For example, in case S2 Checkout will search for AAGGTT seed exact match, then for the remaining adapter sequence with two mismatches allowed and output the NNNNNN region to header. In case S3 in addition the slave read is scanned for GTTC seed, fuzzy match to the rest of barcode is performed and NNNNNN region is extracted and concatenated with UMI region of master read.

Parameters

General:

-c compressed output (gzip compression).

-u perform UMI region extraction and output it to the header of de-multiplexed FASTQ files

-t trim adapter sequence from output.

-e also remove trails of template-switching (poly-G) for the case when UMI-containing adapter is added using reverse-transcription (cDNA libraries).

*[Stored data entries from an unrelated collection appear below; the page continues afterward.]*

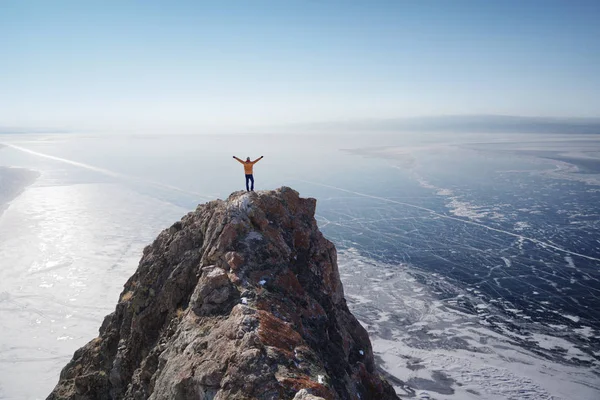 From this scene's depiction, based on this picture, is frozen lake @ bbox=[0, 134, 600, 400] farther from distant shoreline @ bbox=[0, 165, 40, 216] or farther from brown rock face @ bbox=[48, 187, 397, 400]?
brown rock face @ bbox=[48, 187, 397, 400]

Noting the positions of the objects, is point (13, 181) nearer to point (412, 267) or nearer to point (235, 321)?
point (412, 267)

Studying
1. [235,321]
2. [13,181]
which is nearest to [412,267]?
[235,321]

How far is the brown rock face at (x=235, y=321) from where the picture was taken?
741cm

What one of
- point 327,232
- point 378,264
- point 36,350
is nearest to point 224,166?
point 327,232

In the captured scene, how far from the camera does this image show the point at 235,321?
8055mm

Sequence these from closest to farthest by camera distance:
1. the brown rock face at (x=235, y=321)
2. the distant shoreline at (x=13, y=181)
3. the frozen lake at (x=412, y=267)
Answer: the brown rock face at (x=235, y=321) → the frozen lake at (x=412, y=267) → the distant shoreline at (x=13, y=181)

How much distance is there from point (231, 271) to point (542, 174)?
71.6 m

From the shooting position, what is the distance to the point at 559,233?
39.3 m

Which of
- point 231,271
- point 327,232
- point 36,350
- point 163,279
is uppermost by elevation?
point 231,271

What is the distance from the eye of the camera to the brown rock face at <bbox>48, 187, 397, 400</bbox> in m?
7.41

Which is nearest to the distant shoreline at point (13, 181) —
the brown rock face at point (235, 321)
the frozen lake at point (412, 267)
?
the frozen lake at point (412, 267)

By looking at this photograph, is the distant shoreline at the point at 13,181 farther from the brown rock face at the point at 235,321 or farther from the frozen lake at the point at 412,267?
the brown rock face at the point at 235,321

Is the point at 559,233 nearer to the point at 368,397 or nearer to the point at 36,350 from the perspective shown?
the point at 368,397

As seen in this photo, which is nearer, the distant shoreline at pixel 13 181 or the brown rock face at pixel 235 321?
the brown rock face at pixel 235 321
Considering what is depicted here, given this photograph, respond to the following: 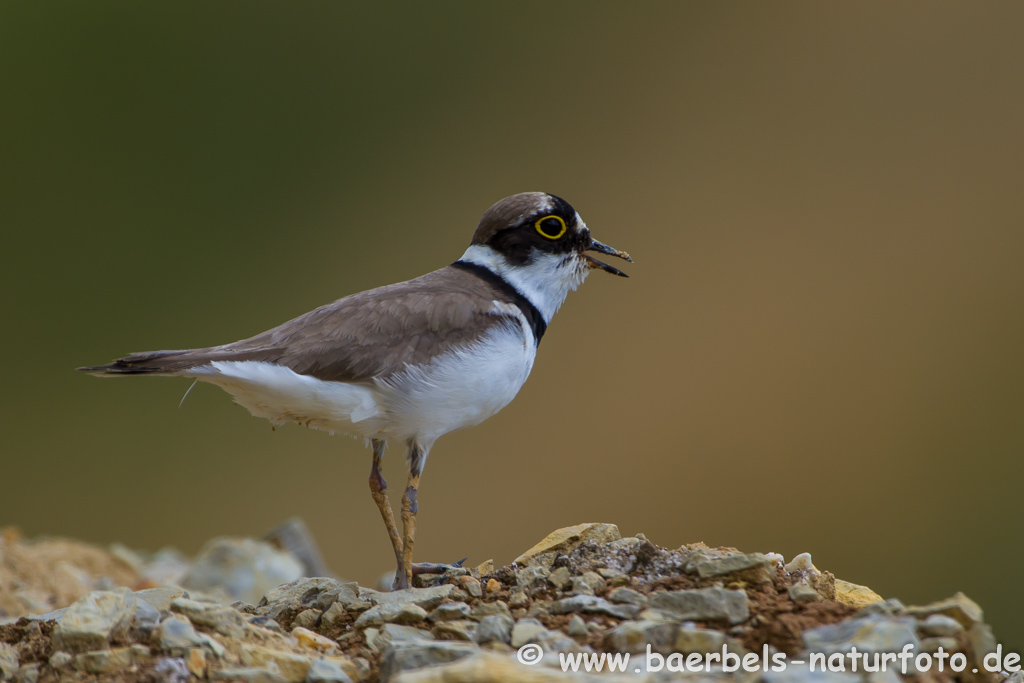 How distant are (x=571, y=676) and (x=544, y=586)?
893 mm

--overlap will try to overlap reads (paired-end data only), non-overlapping and overlapping reads will be placed to *_R1/_R2* and *_R12* FASTQ files respectively. While overlapping the nucleotide with higher quality will be taken thus improving overall data quality.

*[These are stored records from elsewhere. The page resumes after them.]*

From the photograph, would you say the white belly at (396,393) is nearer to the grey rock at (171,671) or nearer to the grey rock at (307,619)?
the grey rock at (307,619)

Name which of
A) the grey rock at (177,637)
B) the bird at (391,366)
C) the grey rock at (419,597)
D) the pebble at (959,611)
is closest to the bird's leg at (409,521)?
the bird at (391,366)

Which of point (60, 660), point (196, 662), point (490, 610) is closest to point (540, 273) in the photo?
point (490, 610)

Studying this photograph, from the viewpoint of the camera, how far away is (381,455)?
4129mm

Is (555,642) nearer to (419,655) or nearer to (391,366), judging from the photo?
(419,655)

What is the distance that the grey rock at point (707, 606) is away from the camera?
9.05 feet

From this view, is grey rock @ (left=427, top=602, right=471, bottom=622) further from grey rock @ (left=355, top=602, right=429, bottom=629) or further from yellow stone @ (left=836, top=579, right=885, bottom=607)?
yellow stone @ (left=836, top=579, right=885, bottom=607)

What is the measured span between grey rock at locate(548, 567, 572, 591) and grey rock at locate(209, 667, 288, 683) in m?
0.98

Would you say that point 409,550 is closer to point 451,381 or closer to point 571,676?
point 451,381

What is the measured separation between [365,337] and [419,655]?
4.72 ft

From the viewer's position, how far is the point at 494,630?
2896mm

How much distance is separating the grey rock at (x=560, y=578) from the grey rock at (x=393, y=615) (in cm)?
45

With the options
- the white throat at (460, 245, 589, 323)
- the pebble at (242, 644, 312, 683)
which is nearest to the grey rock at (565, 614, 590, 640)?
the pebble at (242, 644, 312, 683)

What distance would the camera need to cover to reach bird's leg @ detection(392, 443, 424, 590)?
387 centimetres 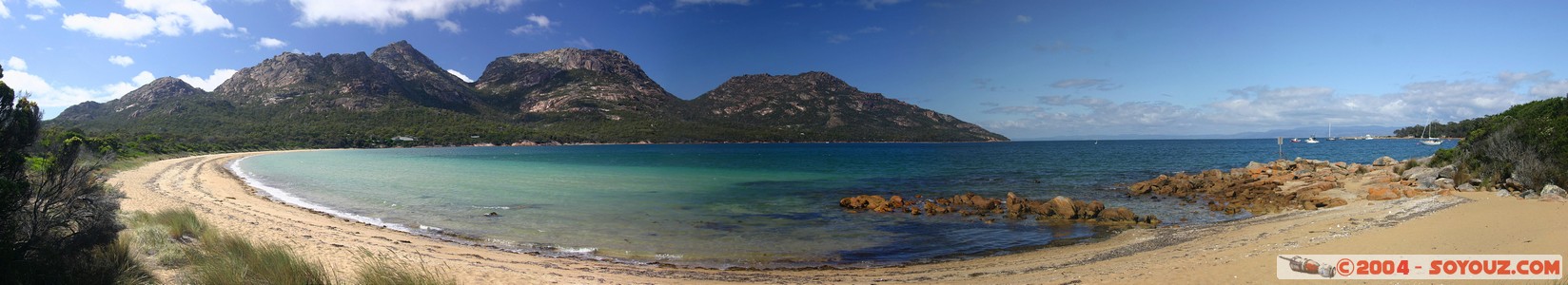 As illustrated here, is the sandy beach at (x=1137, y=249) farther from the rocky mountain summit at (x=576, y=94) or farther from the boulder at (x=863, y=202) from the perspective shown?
the rocky mountain summit at (x=576, y=94)

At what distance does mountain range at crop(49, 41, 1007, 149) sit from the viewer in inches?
4387

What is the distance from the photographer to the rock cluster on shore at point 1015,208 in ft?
50.5

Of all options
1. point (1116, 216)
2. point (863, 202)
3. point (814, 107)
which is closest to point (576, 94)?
point (814, 107)

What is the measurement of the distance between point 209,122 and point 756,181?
12221cm

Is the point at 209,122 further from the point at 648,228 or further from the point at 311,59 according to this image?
the point at 648,228

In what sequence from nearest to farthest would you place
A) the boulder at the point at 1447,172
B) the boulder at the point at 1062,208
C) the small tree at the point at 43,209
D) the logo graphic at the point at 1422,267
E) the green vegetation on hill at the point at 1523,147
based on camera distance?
the small tree at the point at 43,209
the logo graphic at the point at 1422,267
the green vegetation on hill at the point at 1523,147
the boulder at the point at 1062,208
the boulder at the point at 1447,172

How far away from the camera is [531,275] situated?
27.7 ft

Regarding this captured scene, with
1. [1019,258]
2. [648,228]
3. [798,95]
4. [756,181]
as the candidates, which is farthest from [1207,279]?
[798,95]

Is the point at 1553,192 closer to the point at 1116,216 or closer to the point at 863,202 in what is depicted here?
the point at 1116,216

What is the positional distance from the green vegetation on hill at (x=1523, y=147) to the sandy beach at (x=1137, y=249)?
2815mm

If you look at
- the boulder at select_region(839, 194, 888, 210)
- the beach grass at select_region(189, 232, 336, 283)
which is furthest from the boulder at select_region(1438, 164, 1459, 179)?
the beach grass at select_region(189, 232, 336, 283)

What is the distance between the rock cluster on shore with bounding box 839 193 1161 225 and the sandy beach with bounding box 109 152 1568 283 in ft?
5.96

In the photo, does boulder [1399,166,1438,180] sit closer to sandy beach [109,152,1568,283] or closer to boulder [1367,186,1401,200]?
boulder [1367,186,1401,200]

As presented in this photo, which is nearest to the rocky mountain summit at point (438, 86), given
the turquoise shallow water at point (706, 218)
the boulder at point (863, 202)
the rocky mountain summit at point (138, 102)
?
the rocky mountain summit at point (138, 102) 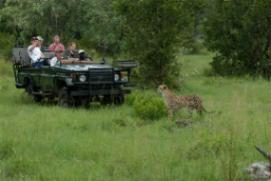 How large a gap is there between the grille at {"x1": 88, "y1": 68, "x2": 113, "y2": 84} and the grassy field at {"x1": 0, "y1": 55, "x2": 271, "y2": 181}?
67 centimetres

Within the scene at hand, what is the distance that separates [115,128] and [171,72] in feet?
26.9

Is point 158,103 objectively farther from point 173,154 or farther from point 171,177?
point 171,177

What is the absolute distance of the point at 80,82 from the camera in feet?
48.1

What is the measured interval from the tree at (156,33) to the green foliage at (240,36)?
5000mm

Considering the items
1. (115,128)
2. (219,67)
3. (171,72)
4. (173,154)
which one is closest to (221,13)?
(219,67)

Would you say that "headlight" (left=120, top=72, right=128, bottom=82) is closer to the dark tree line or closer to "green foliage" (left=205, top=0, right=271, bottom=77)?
the dark tree line

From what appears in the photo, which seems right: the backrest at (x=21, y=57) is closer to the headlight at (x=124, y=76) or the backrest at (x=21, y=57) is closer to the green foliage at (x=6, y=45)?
the headlight at (x=124, y=76)

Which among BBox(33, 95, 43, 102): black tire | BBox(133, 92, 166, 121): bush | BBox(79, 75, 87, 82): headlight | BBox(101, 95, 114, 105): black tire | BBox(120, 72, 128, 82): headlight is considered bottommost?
BBox(33, 95, 43, 102): black tire

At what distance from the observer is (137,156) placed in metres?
8.87

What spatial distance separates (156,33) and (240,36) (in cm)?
594

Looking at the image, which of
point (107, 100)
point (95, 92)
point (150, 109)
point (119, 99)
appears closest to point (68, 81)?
point (95, 92)

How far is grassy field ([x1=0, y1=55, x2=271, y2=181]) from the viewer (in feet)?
26.6

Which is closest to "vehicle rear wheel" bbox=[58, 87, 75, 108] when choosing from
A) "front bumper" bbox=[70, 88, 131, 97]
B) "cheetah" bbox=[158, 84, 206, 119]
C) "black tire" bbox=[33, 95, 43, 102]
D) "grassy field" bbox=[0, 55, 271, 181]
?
"front bumper" bbox=[70, 88, 131, 97]

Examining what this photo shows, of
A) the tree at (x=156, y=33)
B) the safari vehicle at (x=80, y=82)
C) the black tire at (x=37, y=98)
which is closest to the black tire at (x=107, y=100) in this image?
the safari vehicle at (x=80, y=82)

--overlap-max-offset X controls to which extent overlapping region is searched. IMPORTANT If the read-through extent is high (reads are embedded) should be set to ~40.

Barcode search:

-o speed up by assuming that reads are oriented, i.e. master adapter should be in R1

-r will apply a custom RC mask. By default it assumes Illumina reads with mates on different strands, so it reverse-complements read with slave adapter so that output reads will be on master strand.

--rc-barcodes also searches for both adapter sequences in reverse complement. Use it if unsure of your library structure.

--skip-undef will not store reads that miss adapter sequence to save drive space.

Note

When there is a huge number of unassigned/unused reads --skip-undef option greatly speeds up de-multiplexing. However, take care to carefully investigate the reasons behind low barcode extraction rate if it is a case.

Important

The --overlap option may not perform well for poor quality reads, which is a typical situation for 300+300bp MiSEQ sequencing. In this case, merging reads using external software after Assemble stage is recommended.